O acusado confessou a prática dos delitos. Ele requisitou a absorção do crime de armazenamento das imagens por considerá-lo um meio necessário para a disponibilização na internet, além de postular a aplicação do atenuante de confissão e o reconhecimento da continuidade delitiva em dois dos fatos narrados.

Após avaliar as provas e depoimentos trazidos ao processo, o magistrado decidiu negar as teses defensivas e julgar procedente a ação. Ele destacou a “repulsa” causada pelas imagens disponibilizadas, uma delas envolvendo o abuso de uma criança de cerca de cinco anos de idade, e chamou a atenção para os abalos psicológicos e emocionais causados por este tipo de crime.
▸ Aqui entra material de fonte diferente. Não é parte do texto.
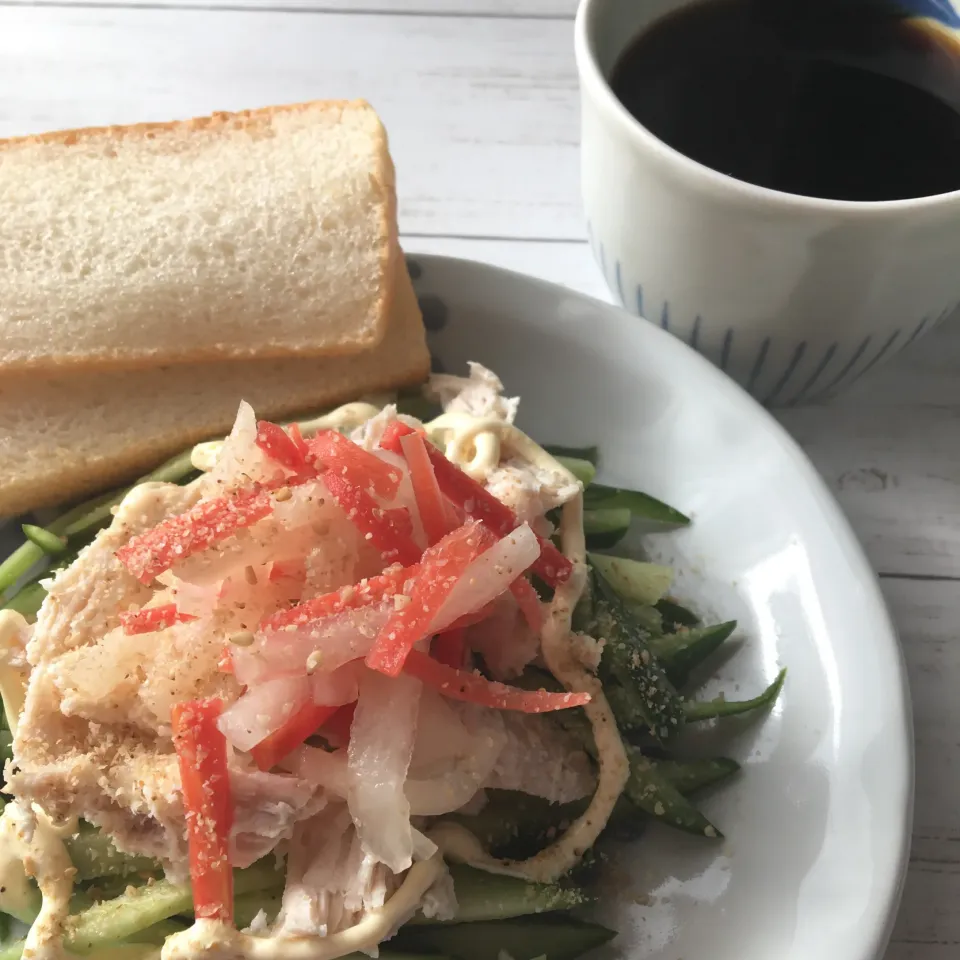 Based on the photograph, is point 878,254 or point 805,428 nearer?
point 878,254

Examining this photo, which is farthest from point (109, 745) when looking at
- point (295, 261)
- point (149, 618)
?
point (295, 261)

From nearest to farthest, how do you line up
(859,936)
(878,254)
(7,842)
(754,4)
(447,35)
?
(859,936) < (7,842) < (878,254) < (754,4) < (447,35)

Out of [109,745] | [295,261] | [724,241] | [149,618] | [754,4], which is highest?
[754,4]

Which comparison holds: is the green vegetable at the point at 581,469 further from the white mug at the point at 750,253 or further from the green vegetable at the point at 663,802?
the green vegetable at the point at 663,802

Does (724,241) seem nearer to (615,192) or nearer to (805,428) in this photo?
(615,192)

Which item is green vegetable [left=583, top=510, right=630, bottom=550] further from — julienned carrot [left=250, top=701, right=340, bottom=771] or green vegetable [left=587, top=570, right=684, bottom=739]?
julienned carrot [left=250, top=701, right=340, bottom=771]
“Sabe-se que crianças ou adolescentes, vítimas de abuso sexual, muito raramente desenvolvem uma sexualidade sadia porque, ou reprimirão toda e qualquer manifestação desta natureza, reputando-a por imunda, ou, ao reverso, entregar-se-ão a toda sorte de depravação sexual ou prostituição, pois partem da concepção de que seus corpos, desde pequenos, nunca valeram coisa alguma”, ressaltou.

“Há, ainda, outras crianças ou adolescentes que se sentem profundamente culpados por terem se exposto a vídeos ou fotos que estão sendo constantemente vistos ao redor do planeta e ainda outros que se entregaram ao inferno das drogas na (vã) tentativa de esquecer estes episódios tristes de suas vidas”, concluiu Borne.

O magistrado condenou o réu a 13 anos e um mês de reclusão em regime fechado. Cabe recurso da decisão ao TRF4.